Every record must be copied exactly. Leave nothing out.
★ ★ ★ ★ ★
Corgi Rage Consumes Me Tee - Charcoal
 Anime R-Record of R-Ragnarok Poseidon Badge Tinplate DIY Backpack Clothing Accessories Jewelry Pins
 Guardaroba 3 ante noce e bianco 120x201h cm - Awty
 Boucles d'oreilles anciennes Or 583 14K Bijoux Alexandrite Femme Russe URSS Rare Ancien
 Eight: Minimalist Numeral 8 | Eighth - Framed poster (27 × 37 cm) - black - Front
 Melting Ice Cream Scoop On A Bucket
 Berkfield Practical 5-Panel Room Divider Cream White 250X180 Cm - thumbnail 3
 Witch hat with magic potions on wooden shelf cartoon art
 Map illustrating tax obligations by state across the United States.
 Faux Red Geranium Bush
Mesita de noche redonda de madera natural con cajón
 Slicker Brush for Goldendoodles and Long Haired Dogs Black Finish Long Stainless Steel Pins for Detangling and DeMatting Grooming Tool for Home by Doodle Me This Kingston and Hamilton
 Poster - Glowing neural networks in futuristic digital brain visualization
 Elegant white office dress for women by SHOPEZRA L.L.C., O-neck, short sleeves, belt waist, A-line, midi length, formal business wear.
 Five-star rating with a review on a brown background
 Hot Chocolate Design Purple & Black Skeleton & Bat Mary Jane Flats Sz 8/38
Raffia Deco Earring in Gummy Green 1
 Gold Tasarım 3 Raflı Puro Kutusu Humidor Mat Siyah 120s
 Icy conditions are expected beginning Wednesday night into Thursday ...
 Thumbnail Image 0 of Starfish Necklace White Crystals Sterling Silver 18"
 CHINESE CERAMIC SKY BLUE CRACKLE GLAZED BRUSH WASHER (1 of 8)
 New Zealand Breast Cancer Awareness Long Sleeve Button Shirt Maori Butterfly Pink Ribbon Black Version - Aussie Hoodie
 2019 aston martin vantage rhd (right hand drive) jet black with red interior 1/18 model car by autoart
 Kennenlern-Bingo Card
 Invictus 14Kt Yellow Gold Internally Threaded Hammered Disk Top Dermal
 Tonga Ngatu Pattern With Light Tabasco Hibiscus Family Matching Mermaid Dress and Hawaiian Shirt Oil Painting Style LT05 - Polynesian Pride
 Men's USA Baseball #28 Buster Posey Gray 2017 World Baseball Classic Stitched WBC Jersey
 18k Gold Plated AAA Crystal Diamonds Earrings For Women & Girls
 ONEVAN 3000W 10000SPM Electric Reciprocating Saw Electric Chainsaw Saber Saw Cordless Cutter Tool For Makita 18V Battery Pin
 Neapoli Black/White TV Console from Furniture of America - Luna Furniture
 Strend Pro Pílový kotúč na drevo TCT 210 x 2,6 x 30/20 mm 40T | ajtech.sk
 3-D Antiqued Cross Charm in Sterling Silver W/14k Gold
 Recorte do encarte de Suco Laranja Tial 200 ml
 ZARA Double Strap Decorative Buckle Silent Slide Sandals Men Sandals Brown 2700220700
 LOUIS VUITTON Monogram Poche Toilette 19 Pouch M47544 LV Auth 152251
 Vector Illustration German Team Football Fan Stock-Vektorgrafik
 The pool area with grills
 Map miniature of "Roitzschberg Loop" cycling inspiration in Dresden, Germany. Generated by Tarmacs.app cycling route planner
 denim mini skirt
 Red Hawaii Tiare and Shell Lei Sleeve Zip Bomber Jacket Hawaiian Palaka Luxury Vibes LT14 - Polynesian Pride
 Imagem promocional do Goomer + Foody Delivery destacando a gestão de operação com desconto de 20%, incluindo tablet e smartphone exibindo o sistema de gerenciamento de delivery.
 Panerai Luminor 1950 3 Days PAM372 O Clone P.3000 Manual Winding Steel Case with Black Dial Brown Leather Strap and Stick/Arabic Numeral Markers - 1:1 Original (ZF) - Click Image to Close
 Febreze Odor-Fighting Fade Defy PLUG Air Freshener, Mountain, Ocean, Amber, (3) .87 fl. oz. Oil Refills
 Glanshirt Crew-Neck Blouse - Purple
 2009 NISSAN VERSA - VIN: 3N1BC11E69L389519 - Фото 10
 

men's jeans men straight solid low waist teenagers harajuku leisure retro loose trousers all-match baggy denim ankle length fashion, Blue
★ ★ ★ ★ ★
§ Response to this exercise
Corgi Rage Consumes Me Tee - Charcoal
 Anime R-Record of R-Ragnarok Poseidon Badge Tinplate DIY Backpack Clothing Accessories Jewelry Pins
 Guardaroba 3 ante noce e bianco 120x201h cm - Awty
 Boucles d'oreilles anciennes Or 583 14K Bijoux Alexandrite Femme Russe URSS Rare Ancien
 Eight: Minimalist Numeral 8 | Eighth - Framed poster (27 × 37 cm) - black - Front
 Melting Ice Cream Scoop On A Bucket
 Berkfield Practical 5-Panel Room Divider Cream White 250X180 Cm - thumbnail 3
 Witch hat with magic potions on wooden shelf cartoon art
 Map illustrating tax obligations by state across the United States.
 Faux Red Geranium Bush
Mesita de noche redonda de madera natural con cajón
 Slicker Brush for Goldendoodles and Long Haired Dogs Black Finish Long Stainless Steel Pins for Detangling and DeMatting Grooming Tool for Home by Doodle Me This Kingston and Hamilton
 Poster - Glowing neural networks in futuristic digital brain visualization
 Elegant white office dress for women by SHOPEZRA L.L.C., O-neck, short sleeves, belt waist, A-line, midi length, formal business wear.
 Five-star rating with a review on a brown background
 Hot Chocolate Design Purple & Black Skeleton & Bat Mary Jane Flats Sz 8/38
Raffia Deco Earring in Gummy Green 1
 Gold Tasarım 3 Raflı Puro Kutusu Humidor Mat Siyah 120s
 Icy conditions are expected beginning Wednesday night into Thursday ...
 Thumbnail Image 0 of Starfish Necklace White Crystals Sterling Silver 18"
 CHINESE CERAMIC SKY BLUE CRACKLE GLAZED BRUSH WASHER (1 of 8)
 New Zealand Breast Cancer Awareness Long Sleeve Button Shirt Maori Butterfly Pink Ribbon Black Version - Aussie Hoodie
 2019 aston martin vantage rhd (right hand drive) jet black with red interior 1/18 model car by autoart
 Kennenlern-Bingo Card
 Invictus 14Kt Yellow Gold Internally Threaded Hammered Disk Top Dermal
 Tonga Ngatu Pattern With Light Tabasco Hibiscus Family Matching Mermaid Dress and Hawaiian Shirt Oil Painting Style LT05 - Polynesian Pride
 Men's USA Baseball #28 Buster Posey Gray 2017 World Baseball Classic Stitched WBC Jersey
 18k Gold Plated AAA Crystal Diamonds Earrings For Women & Girls
 ONEVAN 3000W 10000SPM Electric Reciprocating Saw Electric Chainsaw Saber Saw Cordless Cutter Tool For Makita 18V Battery Pin
 Neapoli Black/White TV Console from Furniture of America - Luna Furniture
 Strend Pro Pílový kotúč na drevo TCT 210 x 2,6 x 30/20 mm 40T | ajtech.sk
 3-D Antiqued Cross Charm in Sterling Silver W/14k Gold
 Recorte do encarte de Suco Laranja Tial 200 ml
 ZARA Double Strap Decorative Buckle Silent Slide Sandals Men Sandals Brown 2700220700
 LOUIS VUITTON Monogram Poche Toilette 19 Pouch M47544 LV Auth 152251
 Vector Illustration German Team Football Fan Stock-Vektorgrafik
 The pool area with grills
 Map miniature of "Roitzschberg Loop" cycling inspiration in Dresden, Germany. Generated by Tarmacs.app cycling route planner
 denim mini skirt
 Red Hawaii Tiare and Shell Lei Sleeve Zip Bomber Jacket Hawaiian Palaka Luxury Vibes LT14 - Polynesian Pride
 Imagem promocional do Goomer + Foody Delivery destacando a gestão de operação com desconto de 20%, incluindo tablet e smartphone exibindo o sistema de gerenciamento de delivery.
 Panerai Luminor 1950 3 Days PAM372 O Clone P.3000 Manual Winding Steel Case with Black Dial Brown Leather Strap and Stick/Arabic Numeral Markers - 1:1 Original (ZF) - Click Image to Close
 Febreze Odor-Fighting Fade Defy PLUG Air Freshener, Mountain, Ocean, Amber, (3) .87 fl. oz. Oil Refills
 Glanshirt Crew-Neck Blouse - Purple
 2009 NISSAN VERSA - VIN: 3N1BC11E69L389519 - Фото 10
 

men's jeans men straight solid low waist teenagers harajuku leisure retro loose trousers all-match baggy denim ankle length fashion, Blue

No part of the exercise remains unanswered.